TASK OBJECTIVE: Select, from the material below, each line with "human" in it.

SOURCE MATERIAL:
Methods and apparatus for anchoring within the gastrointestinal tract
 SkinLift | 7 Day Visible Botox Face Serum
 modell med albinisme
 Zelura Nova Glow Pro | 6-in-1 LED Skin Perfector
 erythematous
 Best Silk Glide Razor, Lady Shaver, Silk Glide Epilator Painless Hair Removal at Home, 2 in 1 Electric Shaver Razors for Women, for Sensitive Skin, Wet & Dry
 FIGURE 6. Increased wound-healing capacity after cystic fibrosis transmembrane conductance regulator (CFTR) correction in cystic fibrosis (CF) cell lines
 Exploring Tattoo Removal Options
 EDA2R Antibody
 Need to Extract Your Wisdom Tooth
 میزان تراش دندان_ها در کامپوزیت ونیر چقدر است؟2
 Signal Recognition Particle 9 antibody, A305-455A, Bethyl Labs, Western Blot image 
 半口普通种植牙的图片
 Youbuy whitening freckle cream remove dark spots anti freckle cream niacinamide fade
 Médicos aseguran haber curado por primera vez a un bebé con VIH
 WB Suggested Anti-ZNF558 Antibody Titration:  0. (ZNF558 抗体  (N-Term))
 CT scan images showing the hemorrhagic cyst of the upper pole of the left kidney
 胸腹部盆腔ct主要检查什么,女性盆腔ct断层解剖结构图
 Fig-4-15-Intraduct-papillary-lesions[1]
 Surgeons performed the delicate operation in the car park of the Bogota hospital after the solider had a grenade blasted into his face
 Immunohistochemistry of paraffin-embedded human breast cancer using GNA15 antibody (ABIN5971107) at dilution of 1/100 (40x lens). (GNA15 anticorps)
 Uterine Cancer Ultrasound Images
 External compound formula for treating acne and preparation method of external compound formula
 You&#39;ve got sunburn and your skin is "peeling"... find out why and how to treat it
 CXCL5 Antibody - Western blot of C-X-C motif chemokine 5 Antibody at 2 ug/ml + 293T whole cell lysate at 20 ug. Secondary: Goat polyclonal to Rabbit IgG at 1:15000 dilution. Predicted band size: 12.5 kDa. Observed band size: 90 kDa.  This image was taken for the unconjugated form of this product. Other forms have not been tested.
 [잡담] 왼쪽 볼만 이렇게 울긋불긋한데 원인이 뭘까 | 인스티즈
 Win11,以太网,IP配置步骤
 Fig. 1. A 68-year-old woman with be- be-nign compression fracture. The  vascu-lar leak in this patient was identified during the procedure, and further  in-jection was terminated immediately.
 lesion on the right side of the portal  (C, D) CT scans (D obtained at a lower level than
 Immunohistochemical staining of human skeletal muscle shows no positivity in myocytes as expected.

EXERCISE ANSWER:
 Immunohistochemistry of paraffin-embedded human breast cancer using GNA15 antibody (ABIN5971107) at dilution of 1/100 (40x lens). (GNA15 anticorps)
 Immunohistochemical staining of human skeletal muscle shows no positivity in myocytes as expected.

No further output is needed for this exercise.